Friday, June 29, 2012

Bursting

  
In February, I discovered intuitive painting, and my life has been changing ever since.  I'm sweeping creativity into my life.  I want it to expand to the point of bursting. 

Since I started painting, I have also signed up for some formally instucted classes, and here is what I know:  Formal instruction is not for me.

It shuts down my creativity. 

It's the reason that I stopped creating in the first place. 

It makes me want to stop and hand my brush or my project over to the teacher, as theirs always looks so much better and I don't seem to be doing it right.  One class I took we traced someone elses' art and then copied what they had painted with the colors. 

I learn from these classes about what my creative direction is and where technique falls into my world.

I want freedom and light.  I want to get away from the rules, regulations and rigidity that consume my working life and painting intuitively is my guide.

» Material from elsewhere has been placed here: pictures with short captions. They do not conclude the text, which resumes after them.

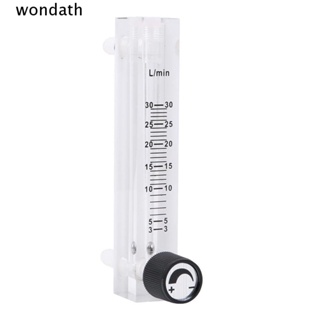 Wonda เครื่องวัดการไหลของก๊าซออกซิเจน 3-30LPM LZQ-7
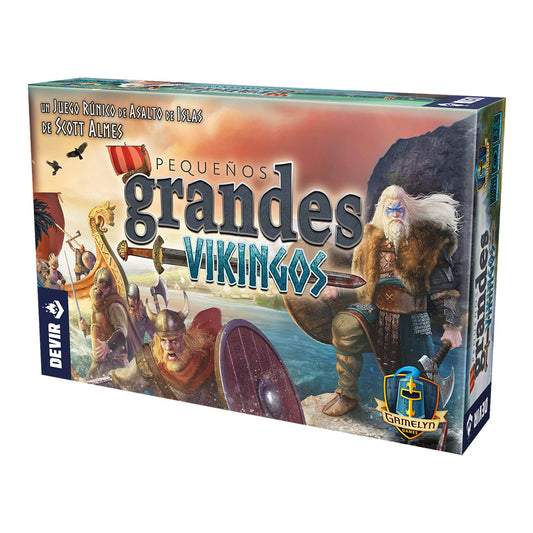 JDM: Pequeños Grandes Vikingos
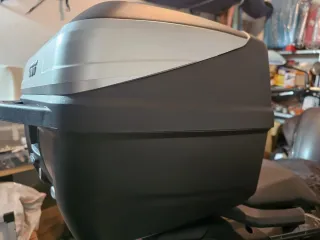 Top case GIVI para moto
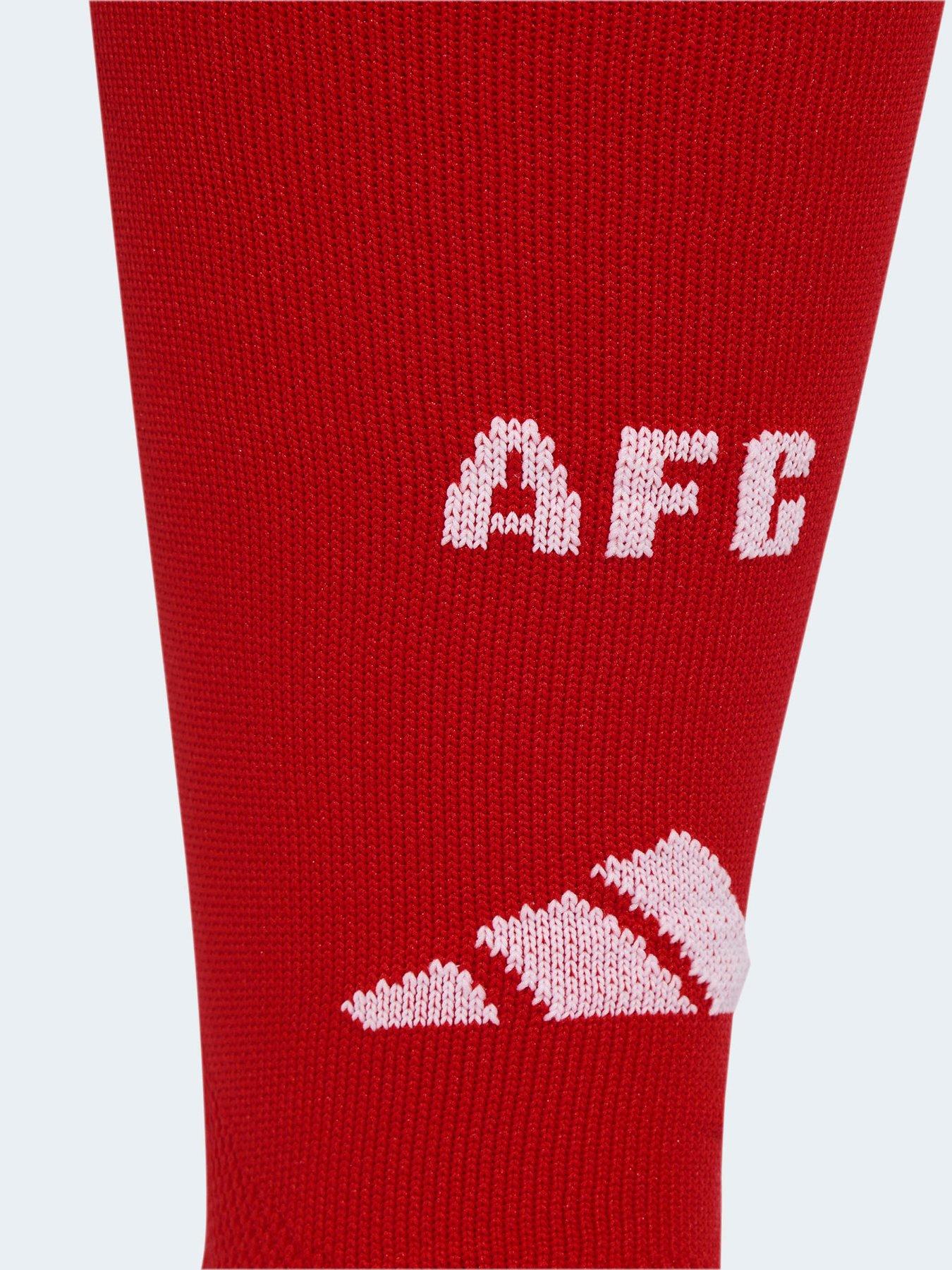 Image 3 of 3 of adidas Mens Arsenal Fc 26/27 Home Sock - Red
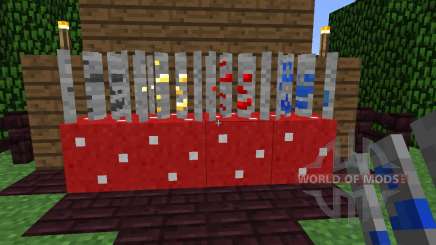 B0bGarys Growable Ores [1.5.2] для Minecraft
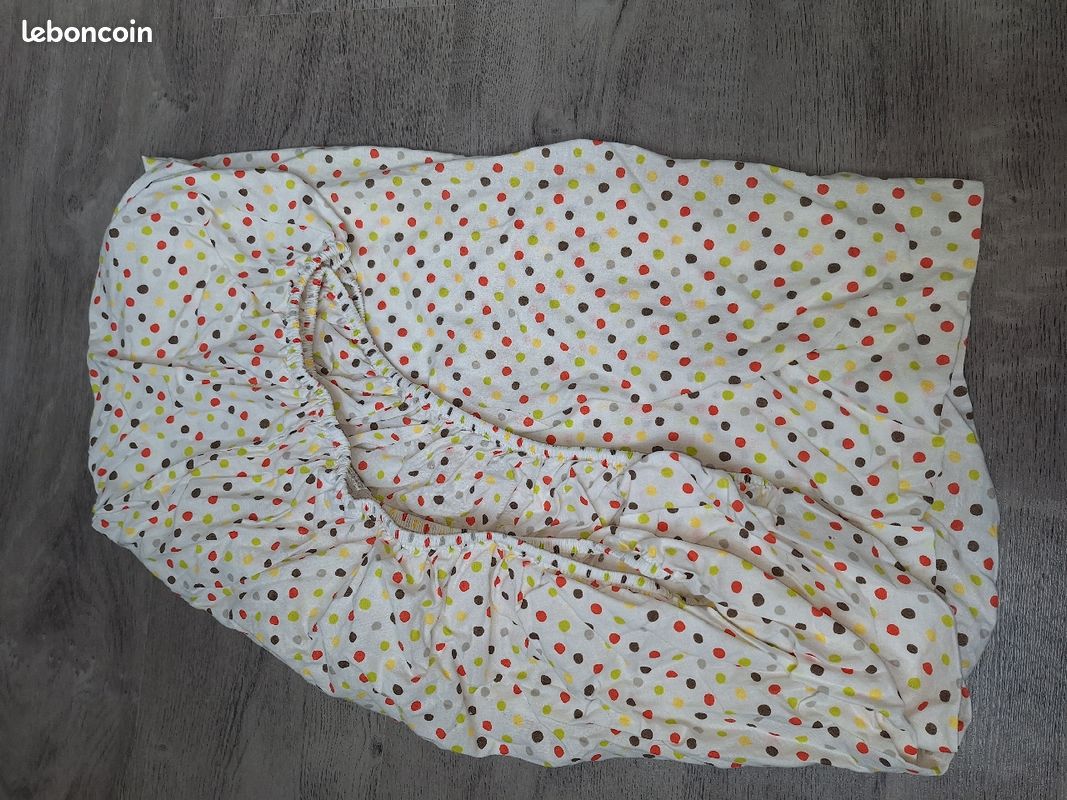 Couette drap housse et housse de couette lit bébé (image 3)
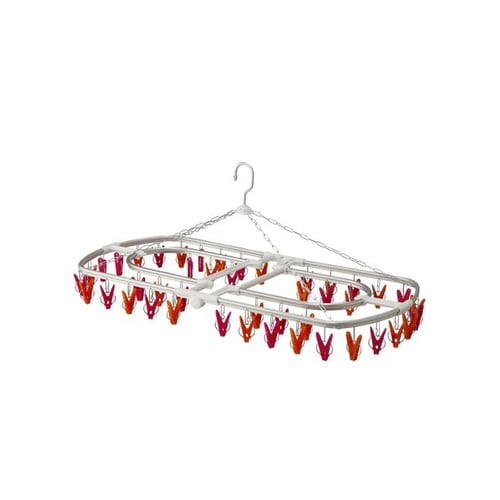 アルミ角ハンガー44 ピンク&オレンジ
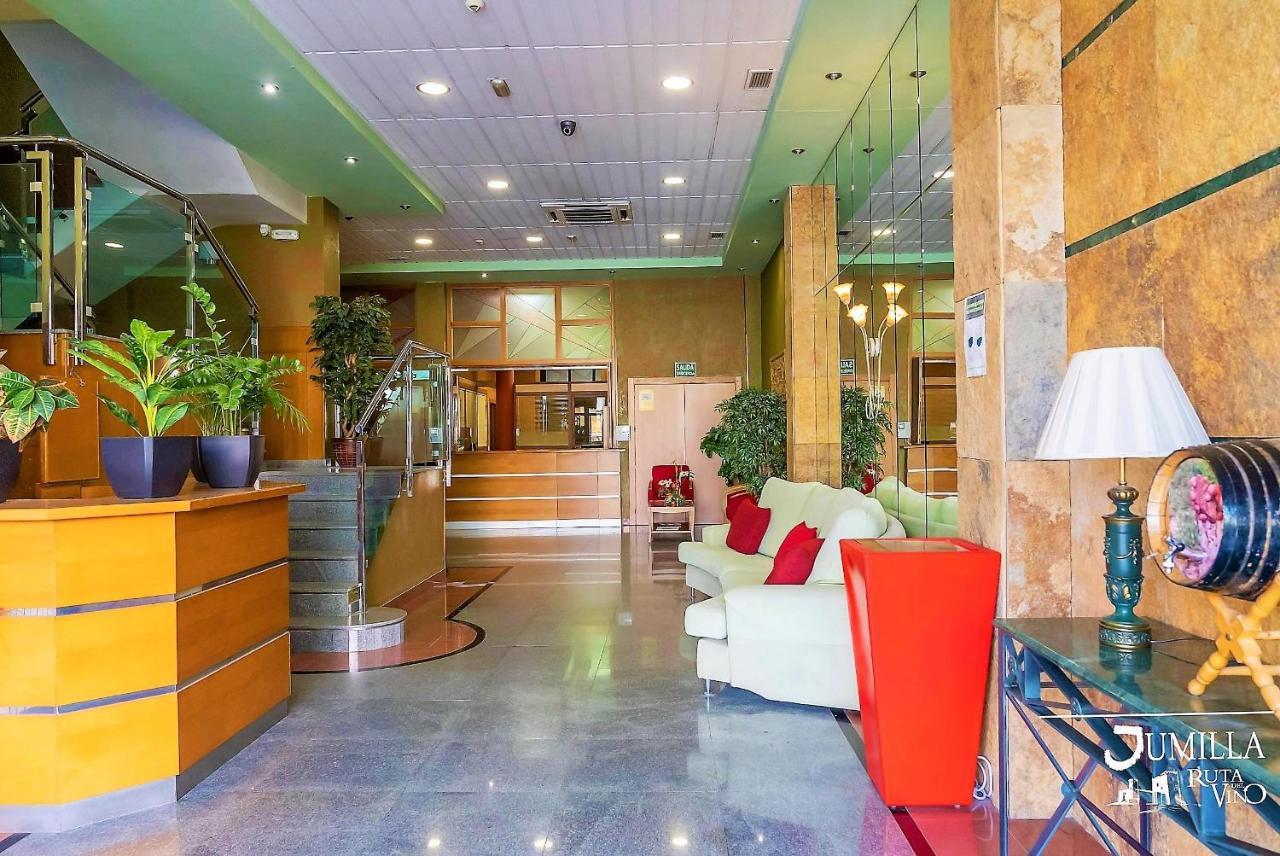 Hotel Pio XII Jumilla Buitenkant foto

No rules.  No "try it this way" or "maybe you should do that".  Just me, my open heart and the quiet voice that shows the way.  We're working things out together, this voice and I.  Working out frustration and the desire to quit when things don't look quite right or go how I want them to. 

Experiencing pure joy when things flow and time passes without my knowing. 

Not worrying about the outcome, the finished product or what comes out.  Sometimes I like it, sometimes I mess with it too much and "ruin" it with thinking, but it's in the experience itself that I am learning my lessons. 

Things that I can't see when I'm just grappling with words or thoughts.

Things unseen until they emerge from nothing onto the paper.